| EXERCISE DETAILS |
Two lines below mark the span: the one containing "Athlete prepares for" and the one containing "A man under". Set down both, plus every line between, exactly as they stand, and nothing else.

| DATA FOR THIS EXERCISE |
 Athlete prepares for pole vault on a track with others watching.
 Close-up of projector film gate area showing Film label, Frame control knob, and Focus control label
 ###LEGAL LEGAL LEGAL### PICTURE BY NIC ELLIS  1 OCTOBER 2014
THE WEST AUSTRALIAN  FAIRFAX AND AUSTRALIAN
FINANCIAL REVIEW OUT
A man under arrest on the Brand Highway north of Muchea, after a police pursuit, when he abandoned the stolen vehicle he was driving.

==

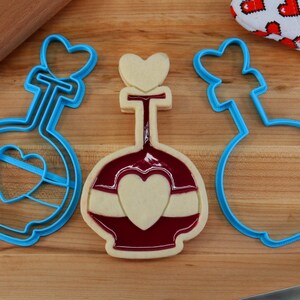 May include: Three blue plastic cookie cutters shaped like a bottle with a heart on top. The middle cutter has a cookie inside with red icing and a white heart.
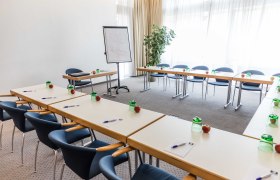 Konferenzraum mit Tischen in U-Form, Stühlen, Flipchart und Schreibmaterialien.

| YOUR SOLUTION |
 Athlete prepares for pole vault on a track with others watching.
 Close-up of projector film gate area showing Film label, Frame control knob, and Focus control label
 ###LEGAL LEGAL LEGAL### PICTURE BY NIC ELLIS  1 OCTOBER 2014
THE WEST AUSTRALIAN  FAIRFAX AND AUSTRALIAN
FINANCIAL REVIEW OUT
A man under arrest on the Brand Highway north of Muchea, after a police pursuit, when he abandoned the stolen vehicle he was driving.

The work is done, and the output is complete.